WHAT TO DO: After locating the line that contains "Zdjęcie zbliżenie małej" in the listing below, write out that line and every following line exactly, with no other output.

┌─ RECORDS SHOWN

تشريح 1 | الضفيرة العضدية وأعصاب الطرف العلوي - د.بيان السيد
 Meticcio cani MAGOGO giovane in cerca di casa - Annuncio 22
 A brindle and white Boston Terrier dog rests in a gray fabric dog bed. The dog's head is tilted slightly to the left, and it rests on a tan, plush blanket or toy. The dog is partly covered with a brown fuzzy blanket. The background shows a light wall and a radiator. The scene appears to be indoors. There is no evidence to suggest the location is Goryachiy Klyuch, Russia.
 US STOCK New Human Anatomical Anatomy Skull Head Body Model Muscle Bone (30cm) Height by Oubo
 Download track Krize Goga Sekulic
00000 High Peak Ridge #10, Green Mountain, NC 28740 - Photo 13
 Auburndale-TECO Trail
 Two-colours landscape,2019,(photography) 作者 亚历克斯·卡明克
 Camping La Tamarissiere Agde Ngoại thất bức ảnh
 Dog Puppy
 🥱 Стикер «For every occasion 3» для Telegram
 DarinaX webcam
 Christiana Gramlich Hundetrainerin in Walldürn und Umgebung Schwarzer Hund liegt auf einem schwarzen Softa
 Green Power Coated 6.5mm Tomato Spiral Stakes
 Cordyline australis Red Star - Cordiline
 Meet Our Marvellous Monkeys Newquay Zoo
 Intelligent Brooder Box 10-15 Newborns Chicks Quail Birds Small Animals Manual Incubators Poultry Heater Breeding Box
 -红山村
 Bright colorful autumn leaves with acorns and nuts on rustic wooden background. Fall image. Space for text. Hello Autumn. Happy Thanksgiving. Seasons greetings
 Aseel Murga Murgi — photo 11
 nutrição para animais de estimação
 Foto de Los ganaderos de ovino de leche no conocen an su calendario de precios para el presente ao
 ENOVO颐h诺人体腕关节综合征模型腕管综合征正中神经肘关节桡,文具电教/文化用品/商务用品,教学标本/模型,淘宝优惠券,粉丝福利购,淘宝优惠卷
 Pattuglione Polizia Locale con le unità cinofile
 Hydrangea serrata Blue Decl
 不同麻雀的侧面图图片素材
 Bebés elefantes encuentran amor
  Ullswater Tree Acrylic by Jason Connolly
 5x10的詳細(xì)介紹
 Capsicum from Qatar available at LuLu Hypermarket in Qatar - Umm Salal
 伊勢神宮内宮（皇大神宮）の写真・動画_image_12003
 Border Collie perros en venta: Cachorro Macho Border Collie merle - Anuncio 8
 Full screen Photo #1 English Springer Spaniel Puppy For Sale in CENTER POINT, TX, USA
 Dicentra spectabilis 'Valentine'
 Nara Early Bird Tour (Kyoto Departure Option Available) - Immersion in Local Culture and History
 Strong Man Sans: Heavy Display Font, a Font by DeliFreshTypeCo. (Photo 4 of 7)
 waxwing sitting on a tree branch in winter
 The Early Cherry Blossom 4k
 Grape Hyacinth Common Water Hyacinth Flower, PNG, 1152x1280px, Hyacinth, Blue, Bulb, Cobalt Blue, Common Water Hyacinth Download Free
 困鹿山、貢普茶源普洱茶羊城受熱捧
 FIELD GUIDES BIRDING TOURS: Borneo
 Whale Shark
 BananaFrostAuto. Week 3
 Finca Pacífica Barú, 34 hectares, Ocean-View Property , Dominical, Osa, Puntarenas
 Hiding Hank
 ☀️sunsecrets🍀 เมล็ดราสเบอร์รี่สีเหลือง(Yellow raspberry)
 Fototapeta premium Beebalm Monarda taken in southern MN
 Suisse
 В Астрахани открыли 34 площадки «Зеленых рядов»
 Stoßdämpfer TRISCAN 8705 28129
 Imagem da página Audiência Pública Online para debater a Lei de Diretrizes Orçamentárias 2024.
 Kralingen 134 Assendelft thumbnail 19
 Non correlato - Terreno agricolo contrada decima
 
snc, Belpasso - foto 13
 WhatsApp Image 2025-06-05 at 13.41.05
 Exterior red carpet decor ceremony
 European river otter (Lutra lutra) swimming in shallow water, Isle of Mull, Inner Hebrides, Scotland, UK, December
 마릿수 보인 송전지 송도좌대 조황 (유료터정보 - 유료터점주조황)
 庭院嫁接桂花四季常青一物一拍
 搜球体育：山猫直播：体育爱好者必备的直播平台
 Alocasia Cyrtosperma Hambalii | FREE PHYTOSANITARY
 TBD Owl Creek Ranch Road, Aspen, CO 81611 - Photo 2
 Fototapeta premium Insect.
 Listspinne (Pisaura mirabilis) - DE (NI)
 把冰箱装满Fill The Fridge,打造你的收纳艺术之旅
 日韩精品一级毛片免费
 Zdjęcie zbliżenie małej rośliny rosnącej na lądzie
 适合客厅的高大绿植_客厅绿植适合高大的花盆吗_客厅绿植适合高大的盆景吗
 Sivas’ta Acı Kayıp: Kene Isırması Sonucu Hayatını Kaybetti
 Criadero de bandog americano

└─

RESULT:
 Zdjęcie zbliżenie małej rośliny rosnącej na lądzie
 适合客厅的高大绿植_客厅绿植适合高大的花盆吗_客厅绿植适合高大的盆景吗
 Sivas’ta Acı Kayıp: Kene Isırması Sonucu Hayatını Kaybetti
 Criadero de bandog americano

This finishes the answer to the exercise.